Segment Start: STORED DATA

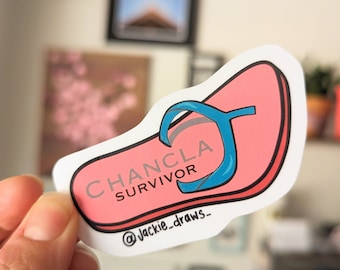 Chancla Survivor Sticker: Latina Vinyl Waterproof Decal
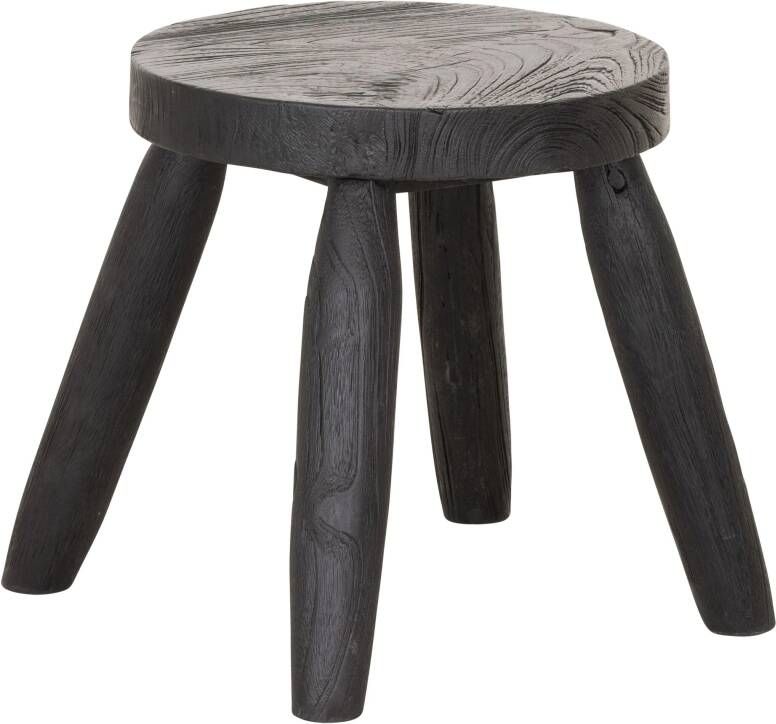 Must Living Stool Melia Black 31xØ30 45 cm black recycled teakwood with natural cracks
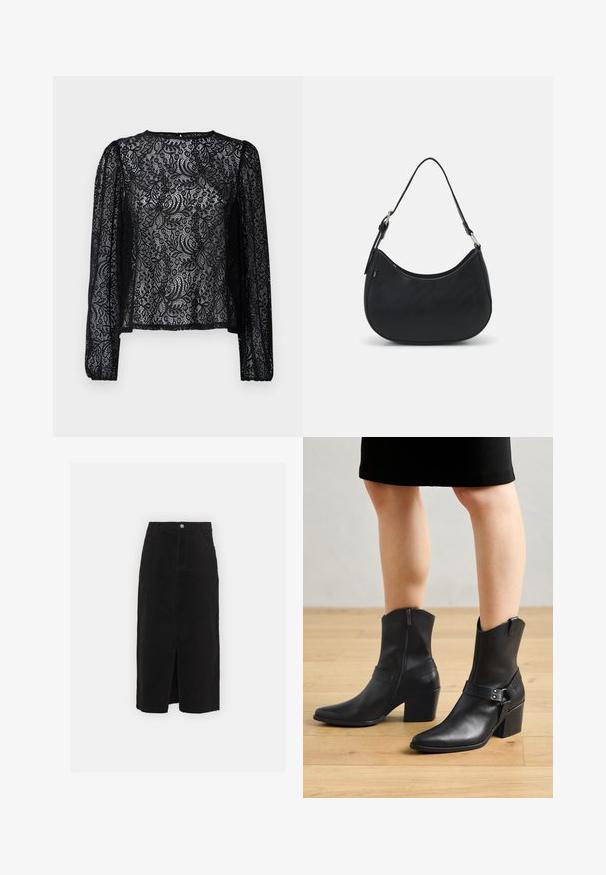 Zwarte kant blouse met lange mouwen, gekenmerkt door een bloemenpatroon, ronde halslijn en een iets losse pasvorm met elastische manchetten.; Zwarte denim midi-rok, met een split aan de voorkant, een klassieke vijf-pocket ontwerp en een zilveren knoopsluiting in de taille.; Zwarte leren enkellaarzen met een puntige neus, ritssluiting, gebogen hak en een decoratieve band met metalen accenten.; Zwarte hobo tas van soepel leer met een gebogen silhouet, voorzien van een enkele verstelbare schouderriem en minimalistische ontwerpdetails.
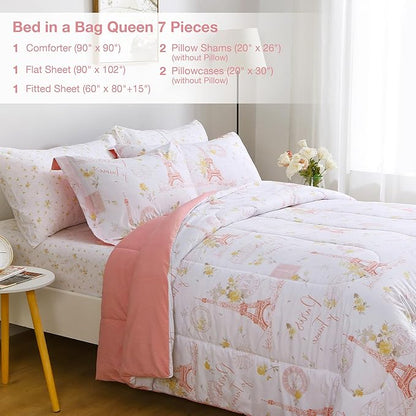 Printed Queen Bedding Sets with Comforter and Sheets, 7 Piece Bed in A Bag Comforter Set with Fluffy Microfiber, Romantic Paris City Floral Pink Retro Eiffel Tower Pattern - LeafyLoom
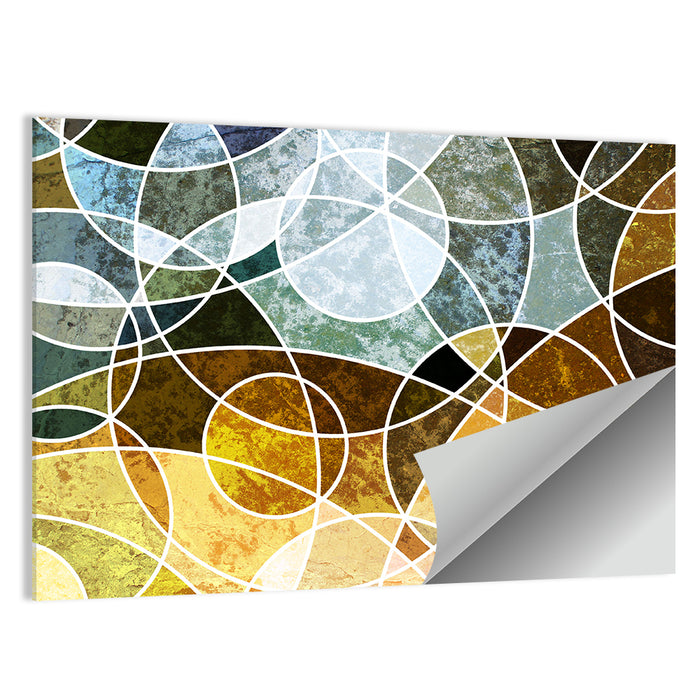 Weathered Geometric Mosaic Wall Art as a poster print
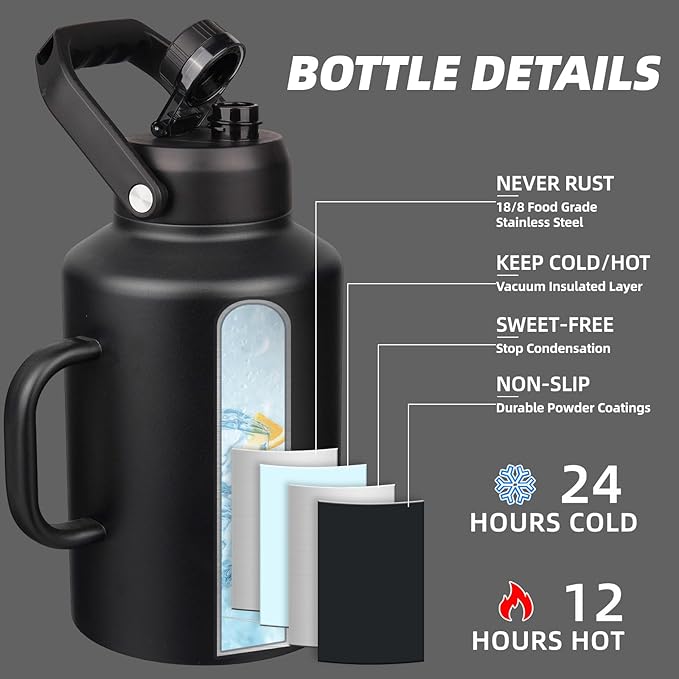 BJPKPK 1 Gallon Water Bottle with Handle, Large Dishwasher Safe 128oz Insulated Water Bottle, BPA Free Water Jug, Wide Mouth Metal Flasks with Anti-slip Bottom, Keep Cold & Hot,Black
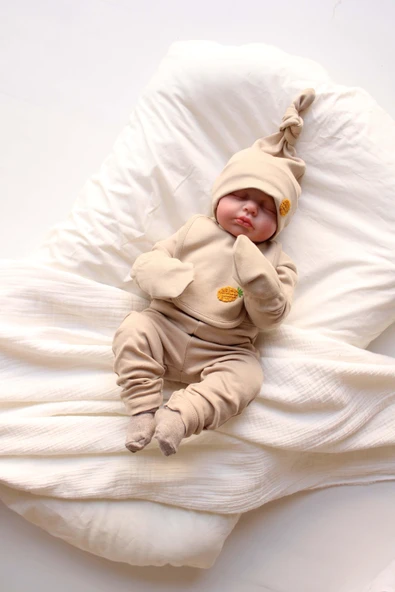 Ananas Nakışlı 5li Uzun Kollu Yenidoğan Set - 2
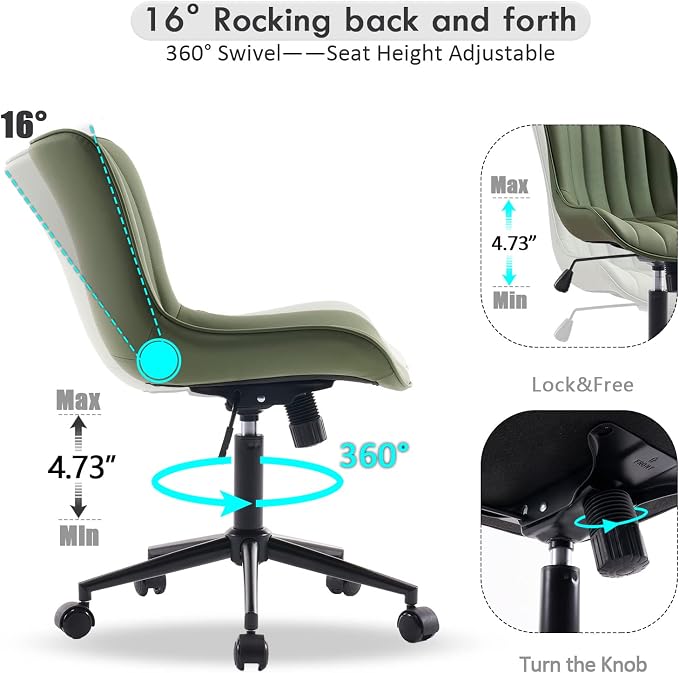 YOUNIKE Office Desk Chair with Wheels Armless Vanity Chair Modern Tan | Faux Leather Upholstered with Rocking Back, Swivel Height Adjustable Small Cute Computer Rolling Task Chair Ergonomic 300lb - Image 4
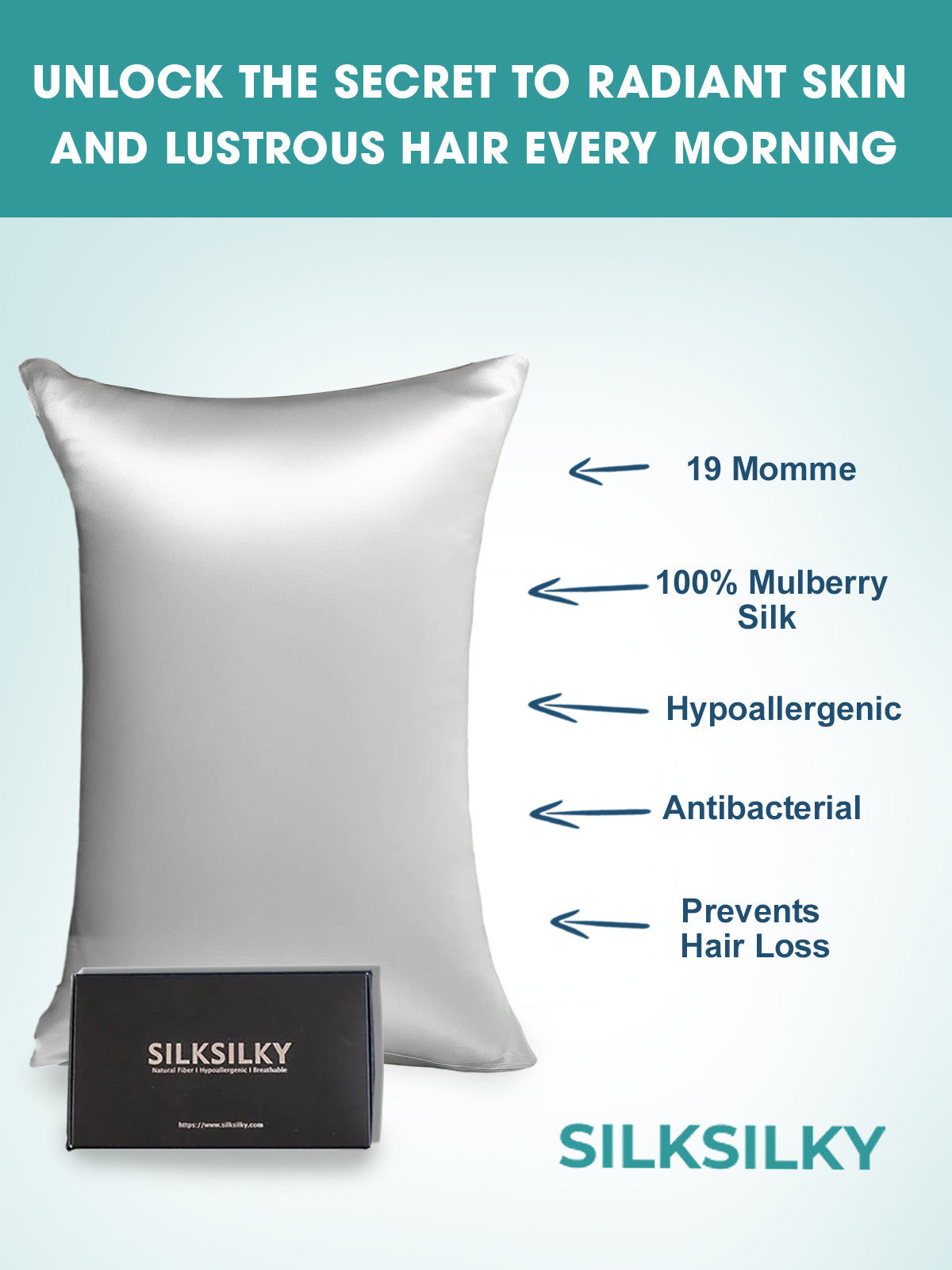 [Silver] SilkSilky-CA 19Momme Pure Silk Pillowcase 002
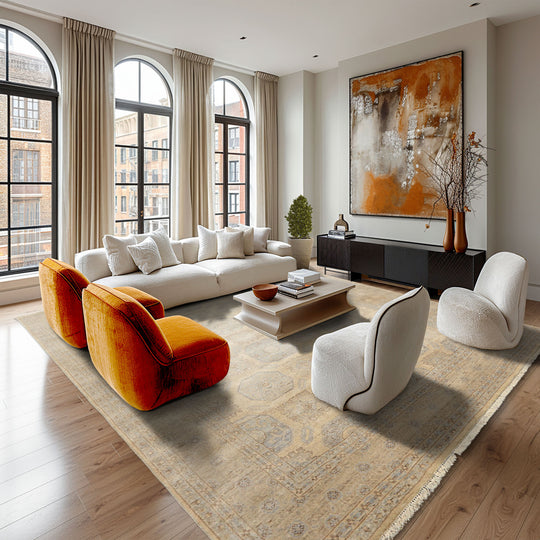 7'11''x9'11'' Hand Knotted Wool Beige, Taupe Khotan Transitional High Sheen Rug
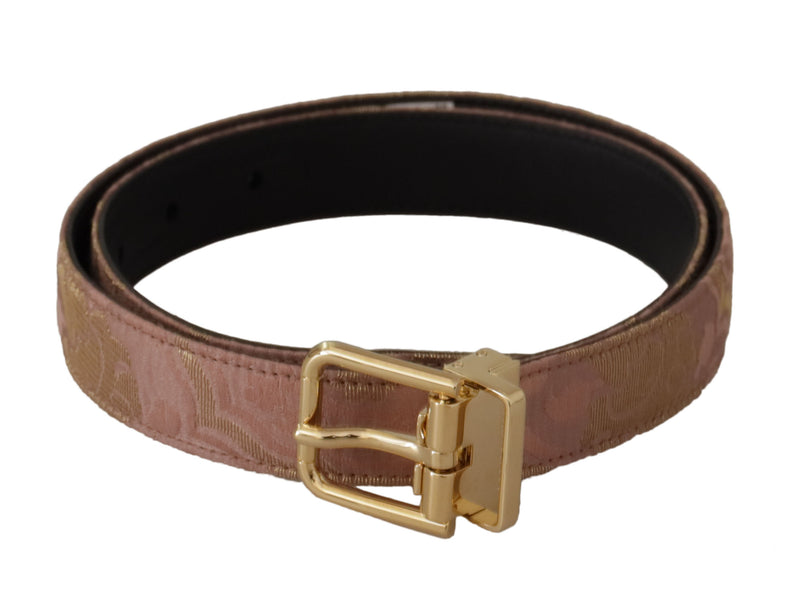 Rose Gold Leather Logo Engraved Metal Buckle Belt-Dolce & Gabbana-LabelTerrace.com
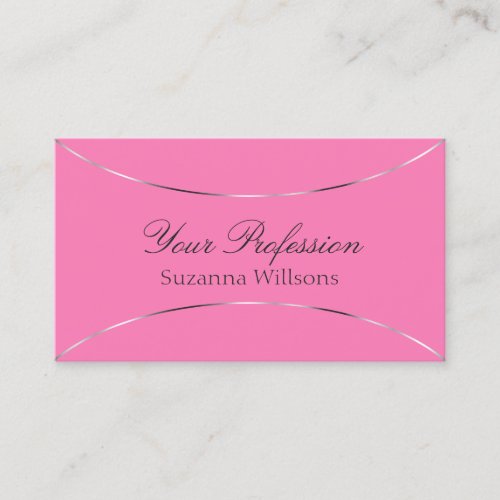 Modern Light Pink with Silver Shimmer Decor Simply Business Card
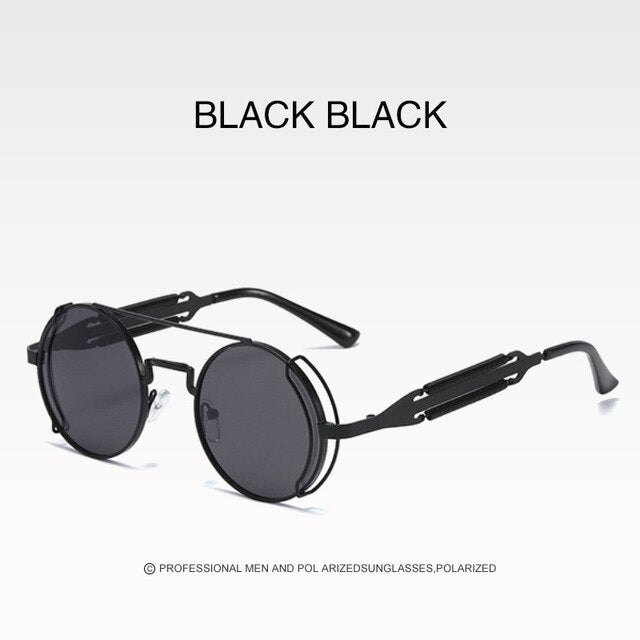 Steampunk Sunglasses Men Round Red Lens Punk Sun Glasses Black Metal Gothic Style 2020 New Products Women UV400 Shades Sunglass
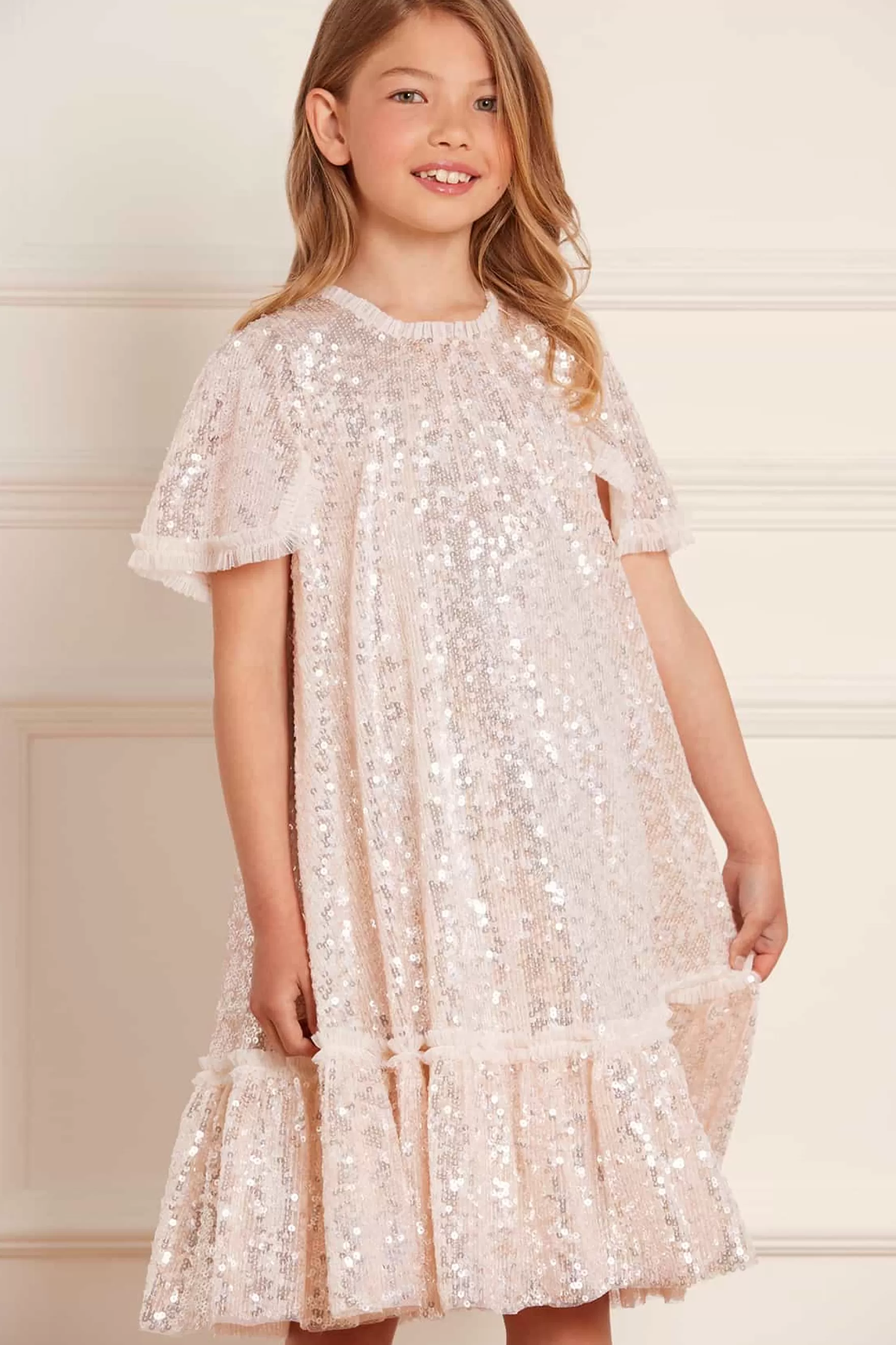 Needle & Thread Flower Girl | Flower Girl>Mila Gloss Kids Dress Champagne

Segment End: STORED DATA

EXERCISE REQUIREMENTS: Nothing but the lines from the one with "Modern Light Pink" through the last line of the records should appear in your answer, each exactly as written and without pictures.

ANSWER FOR THE TASK:
 Modern Light Pink with Silver Shimmer Decor Simply Business Card
 Steampunk Sunglasses Men Round Red Lens Punk Sun Glasses Black Metal Gothic Style 2020 New Products Women UV400 Shades Sunglass
 Needle & Thread Flower Girl | Flower Girl>Mila Gloss Kids Dress Champagne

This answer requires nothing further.